Data records >>
*****
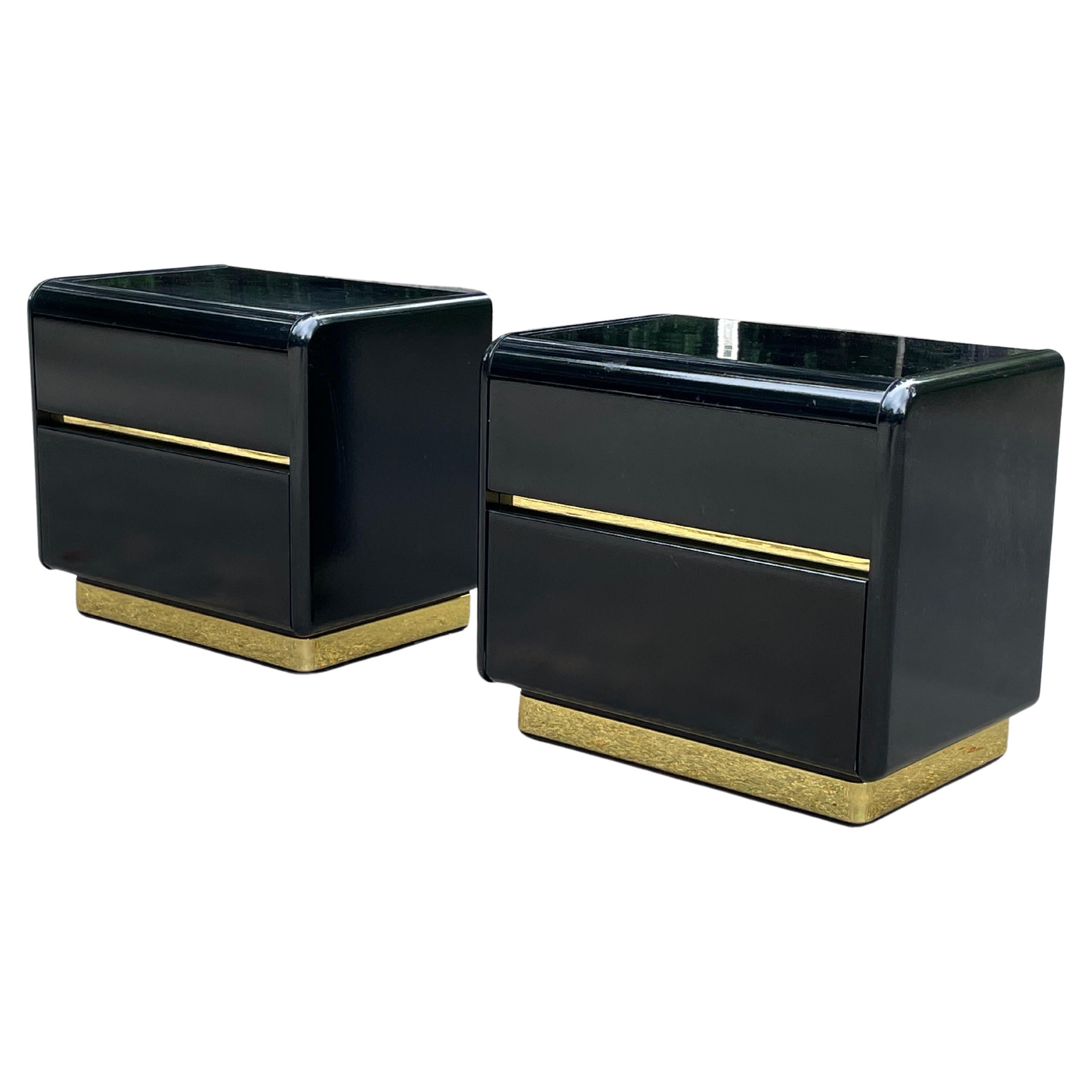 Post-Modern Pair of Black and Brass Lacquer 1980s Nightstands 4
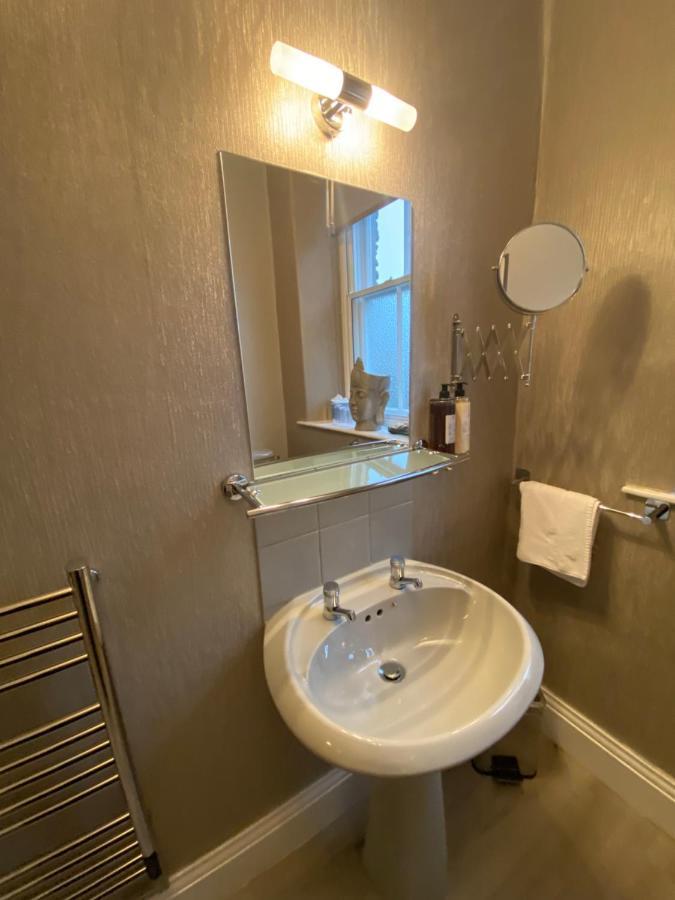 Merewyke Boutique Luxury Family Apartment Sleeps 4 , Central Location Windermere Eksteriør billede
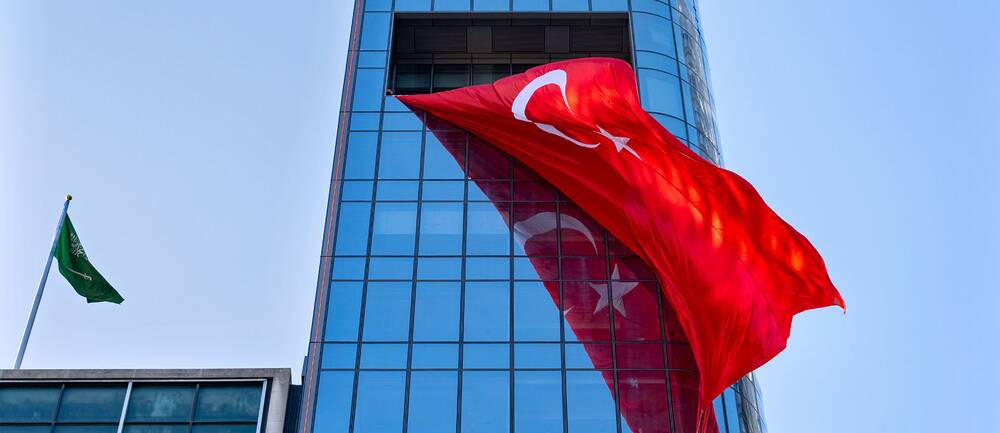Turkisk flagga blåser i vinden vid FN:s högkvarter i New York.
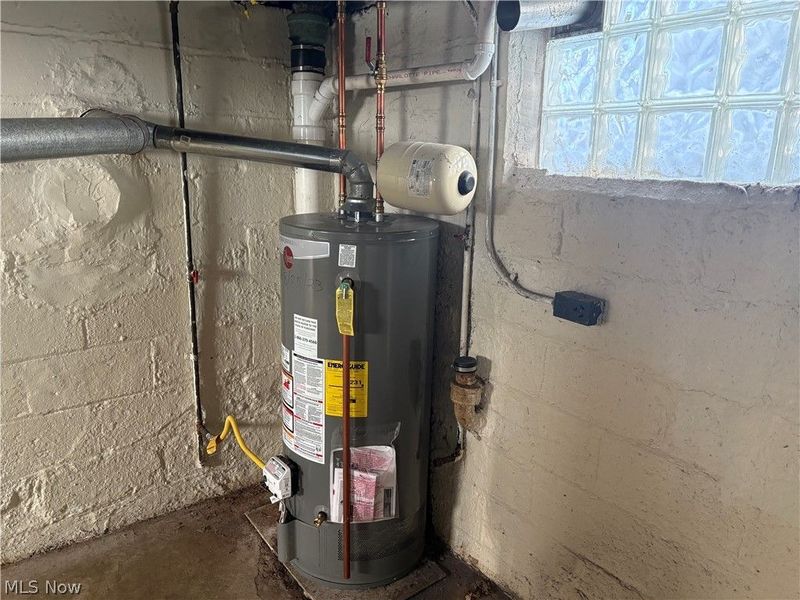 413 Stanton Avenue, Akron, OH 44301 Photo 17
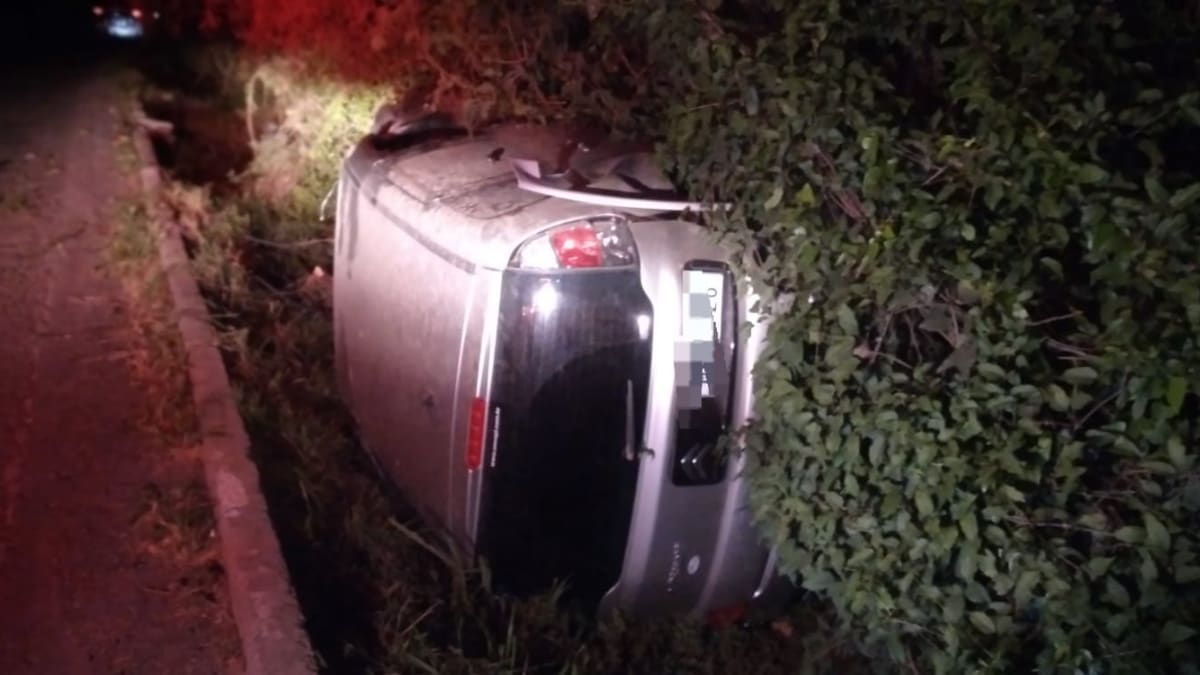 Motorista fica preso após carro sair da pista e tombar na BR-470 em SC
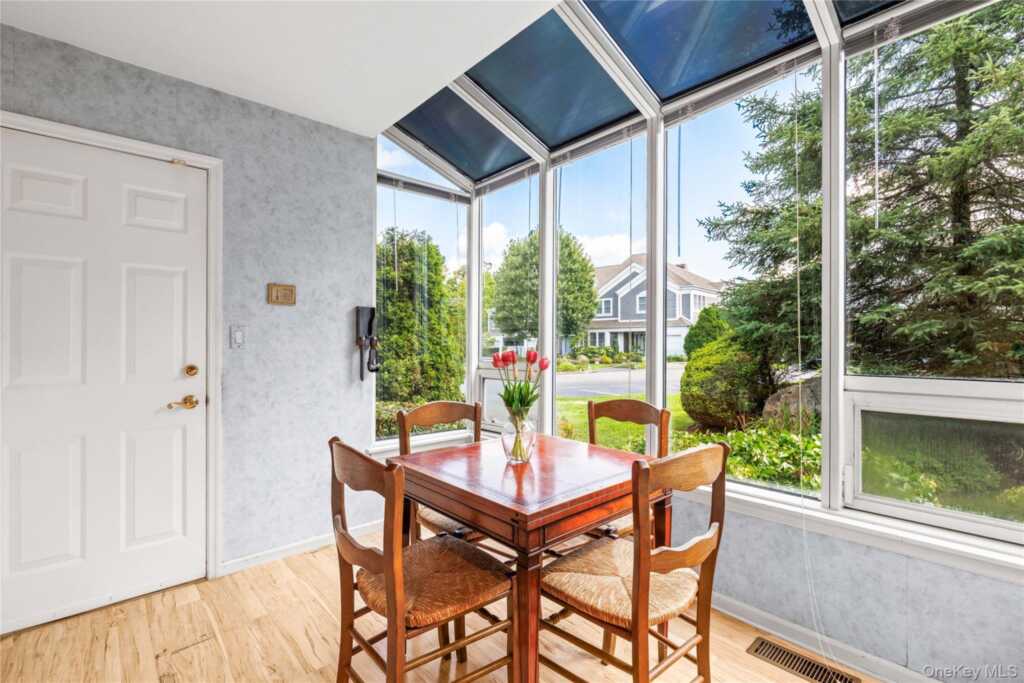 44 Alex Drive, White Plains, NY 10605 - Photo 11 of 34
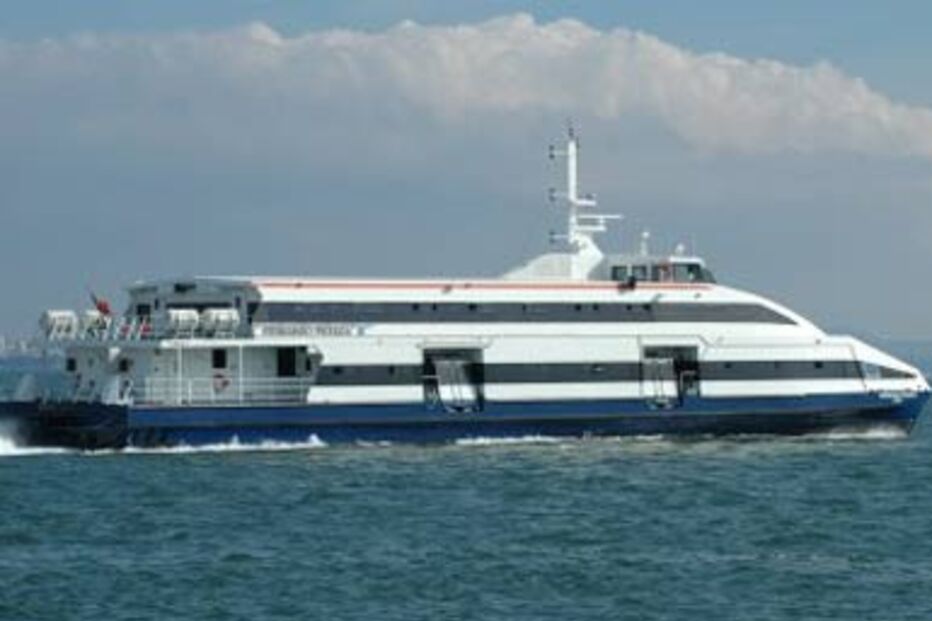 greve, soflusa, transtejo, barreiro, barcos, ligações, lisboa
*****
Retype all entries exactly, without the images.

The answer >>
 Post-Modern Pair of Black and Brass Lacquer 1980s Nightstands 4
 Merewyke Boutique Luxury Family Apartment Sleeps 4 , Central Location Windermere Eksteriør billede
Turkisk flagga blåser i vinden vid FN:s högkvarter i New York.
 413 Stanton Avenue, Akron, OH 44301 Photo 17
 Motorista fica preso após carro sair da pista e tombar na BR-470 em SC
 44 Alex Drive, White Plains, NY 10605 - Photo 11 of 34
 greve, soflusa, transtejo, barreiro, barcos, ligações, lisboa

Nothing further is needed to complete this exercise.